[DATA TO EXAMINE Boundary: Start]

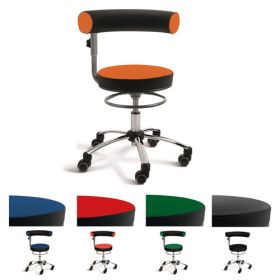 Sanus Gesundheitsstuhl Classic, mit höhenverstellbarer Lehne, Stoffbezug, Farben nach Wahl-image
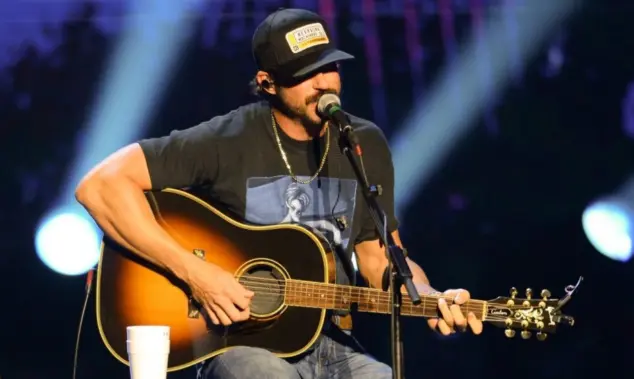 Riley Green performs in Hollywood^ Florida on November 14^ 2024. The performance was part of Audacy’s Stars and Strings benefit concert.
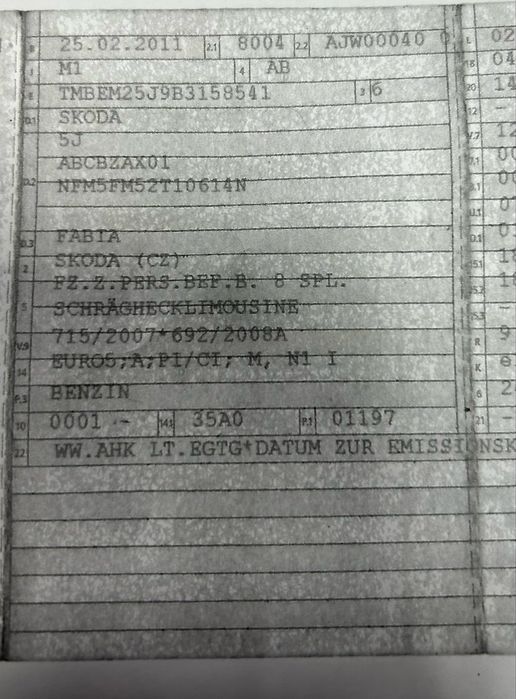 Avariat Skoda Fabia 1.2TSi 83cp 2011 euro 5 90.000km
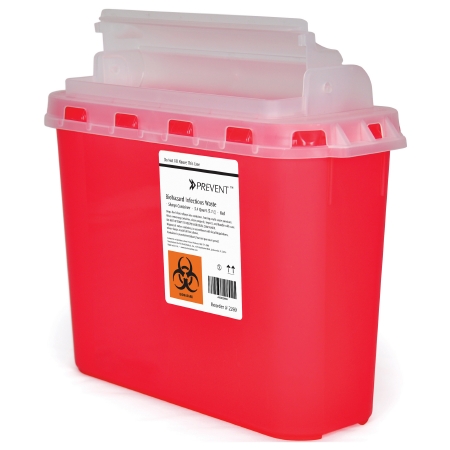 CONTAINER, SHARPS RED 5.4QT WALL MOUNT (20/CS)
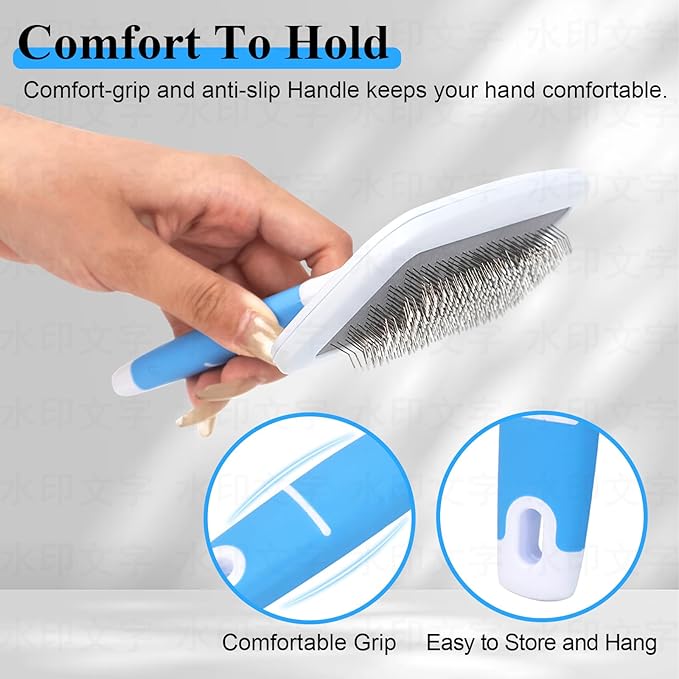 French Bulldog Brush,Skin Friendly Effectively Tackle Shedding,Essential French Bulldog Accessory for Your Pets,Blue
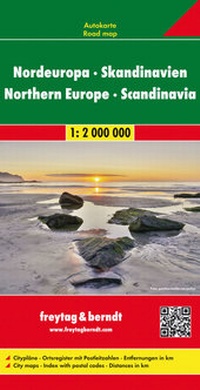Abbildung von: Nordeuropa - Skandinavien, Straßenkarte 1:2 Mio. - Freytag-Berndt und ARTARIA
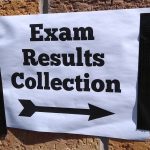 Exam Results sign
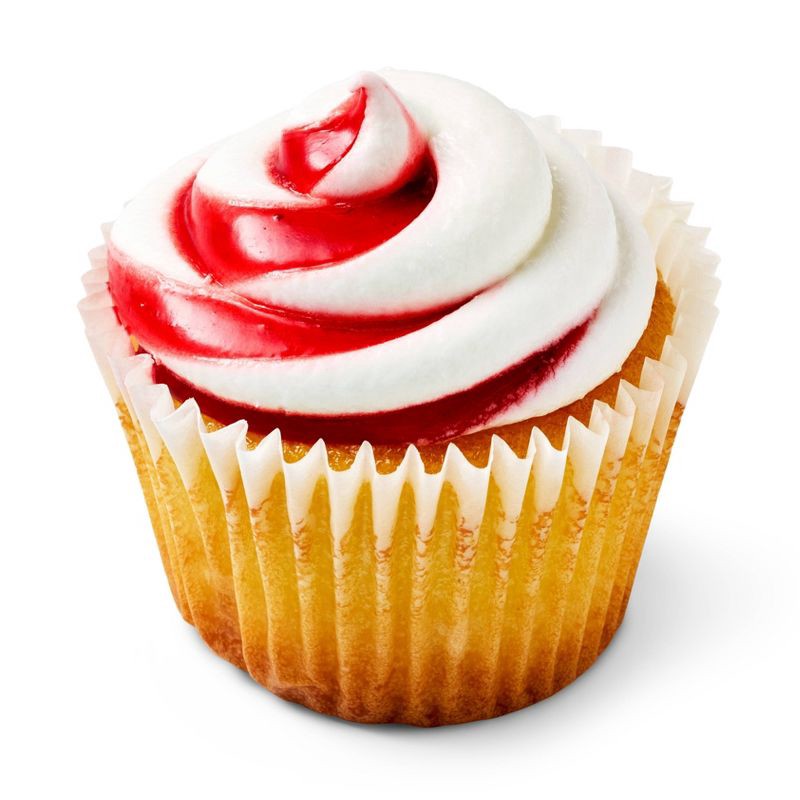 slide 3 of 3, Valentine's Strawberry Large Filled Cupcakes - 11.7oz/4ct - Favorite Day™, 11.7 oz, 4 ct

[DATA TO EXAMINE Boundary: End]

• _TASK BRIEF_
Repeat each of the entries above exactly, but do not carry over the pictures.

• _ANSWER TO THE PROBLEM_
 Sanus Gesundheitsstuhl Classic, mit höhenverstellbarer Lehne, Stoffbezug, Farben nach Wahl-image
 Riley Green performs in Hollywood^ Florida on November 14^ 2024. The performance was part of Audacy’s Stars and Strings benefit concert.
 Avariat Skoda Fabia 1.2TSi 83cp 2011 euro 5 90.000km
 CONTAINER, SHARPS RED 5.4QT WALL MOUNT (20/CS)
 French Bulldog Brush,Skin Friendly Effectively Tackle Shedding,Essential French Bulldog Accessory for Your Pets,Blue
Abbildung von: Nordeuropa - Skandinavien, Straßenkarte 1:2 Mio. - Freytag-Berndt und ARTARIA
 Exam Results sign
 slide 3 of 3, Valentine's Strawberry Large Filled Cupcakes - 11.7oz/4ct - Favorite Day™, 11.7 oz, 4 ct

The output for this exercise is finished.